- WHAT THE EXERCISE ASKS:
Omit all pictures. Quote the lines from the one with "2026 Volkswagen Taos 1.5T SEL" through the end of the listing below, exactly as they appear.

(SOURCE MATERIAL)

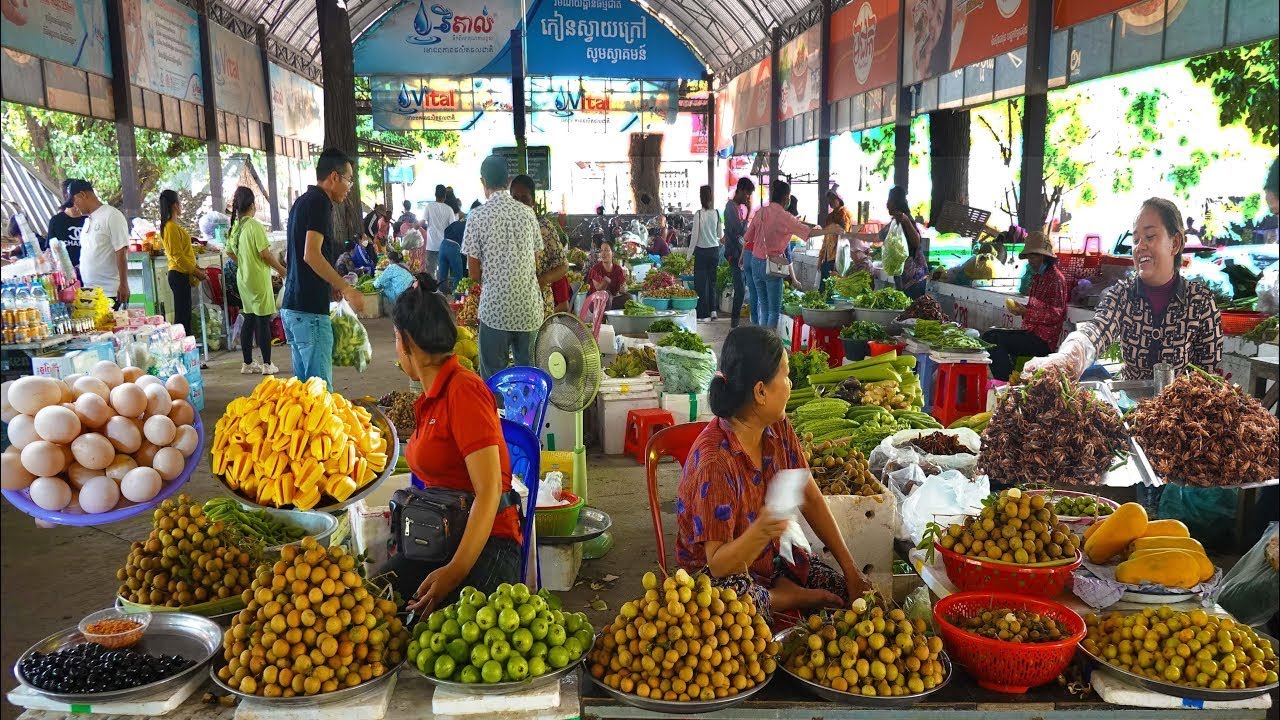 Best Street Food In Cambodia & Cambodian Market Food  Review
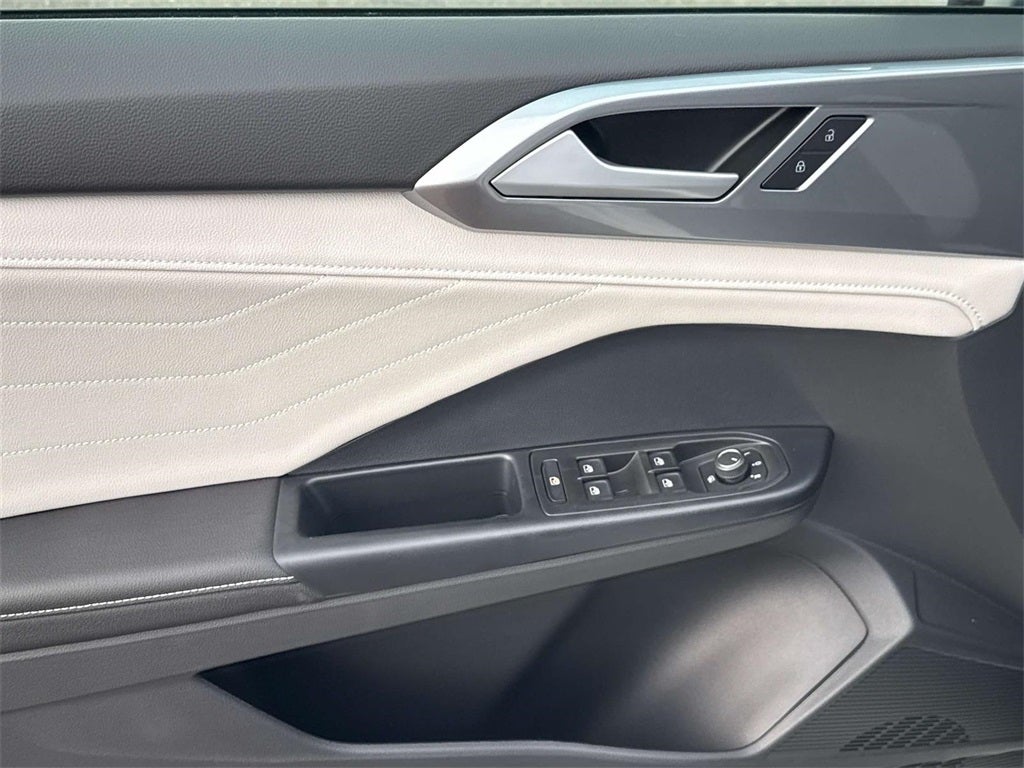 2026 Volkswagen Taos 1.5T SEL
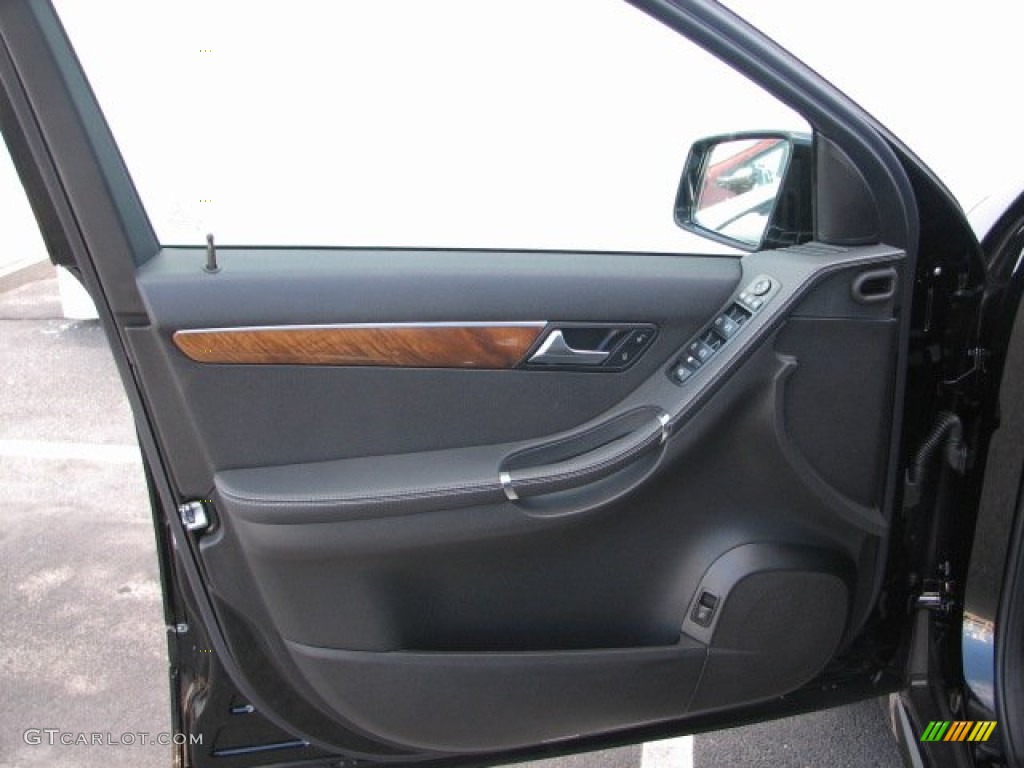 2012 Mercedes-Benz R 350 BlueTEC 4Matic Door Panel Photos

(End SOURCE MATERIAL)

- ANSWER TO THE PROBLEM:
 2026 Volkswagen Taos 1.5T SEL
 2012 Mercedes-Benz R 350 BlueTEC 4Matic Door Panel Photos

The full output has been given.